Lütfi Albayrak

LÜTFİ ALBAYRAK

Uykudan önce bastıran düşünceler sarmalı

Eklenme Tarihi 30 Ekim 2025

Günün en sessiz, en huzurlu anı… Teoride.
Pratikte ise beynin "gece vardiyası" başlamak üzere.
Yastığa başını koyarsın, karanlık odada bir dinginlik hâkimdir.
Gözlerin ağırlaşır, uyku neredeyse seni bulmuştur ki… İçeriden o tanıdık ses gelir:
"Hazırsan, geçmişi tekrar yaşamaya başlıyoruz!" Ve başlar o meşhur sarmal.
Zihin, geceyi huzurlu geçirmek yerine geçmişle, gelecek kaygısıyla ve tamamen alakasız sorularla sabote etmeye kararlıdır.
İlk bölüm genellikle "utanç arşivi"dir:

- O gün öğretmene neden öyle cevap verdin?
- Neden yıllar önce o mesajı o şekilde attın?
- O sunumda niye öyle bir espri yaptın, kim güldü ki ona?
Tam bunlar biter, "gelecek endişeleri" bölümü açılır:
- Yarın sabah alarm çalacak mı?
- Ya işe geç kalırsam?
- Ya kimse beni anlamazsa?
- Ya elektrikler giderse ve ben şarj takmayı unuttuysam?

Beyin durmaz.
Bir sonraki sahnede ise konu bambaşka bir yere sıçrar:
"Acaba dinozorlar gerçekten tüy müydü?" "Evrenin sonu varsa, orada ne var?" "Ya karadelik aslında başka bir uykusuz beyinse?" İşte o an anlarsın: Sen uyumuyorsun, beynin stand-up yapıyor.
Konu konuyu açıyor, mantık tatilde.
Bir yandan da "Uyumam lazım" düşüncesi, stresin tuzu biberi oluyor.
Bir gözünü açarsın, saat 03:47.
Kapatırsın, 04:15.

Artık her dakika, uyku yarışında kaybedilen bir turdur.
Ve sonra klasik iç monolog gelir:
"Tamam, yarın erken yatacağım.

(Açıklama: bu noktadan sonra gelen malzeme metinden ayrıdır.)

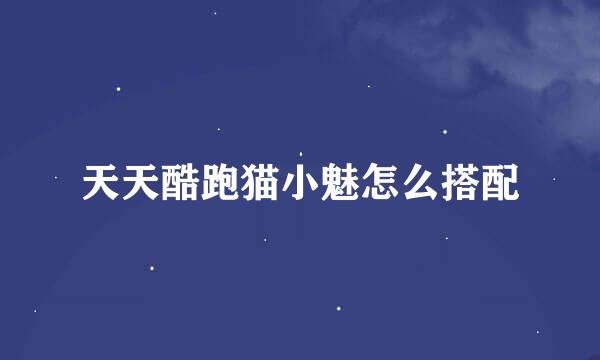天天酷跑猫小魅怎么搭配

Kesin." Sabah olunca ise gözlerin kan çanağı, kahve kupası elinde, hayat senden enerji talep eder.
Bir yandan işe yetişmeye çalışırken, bir yandan da içinden şu cümle geçer:
"Beynim, seninle konuşmamız lazım." Ama o konuşma hiçbir zaman olmaz.
Çünkü gece yeniden gelir.
Karanlık, sessizlik, yastık… Ve o ses yine fısıldar:
"Hoş geldin… Uykudan Önce Bastıran Düşünceler Sarmalı yeni bölümüyle karşında."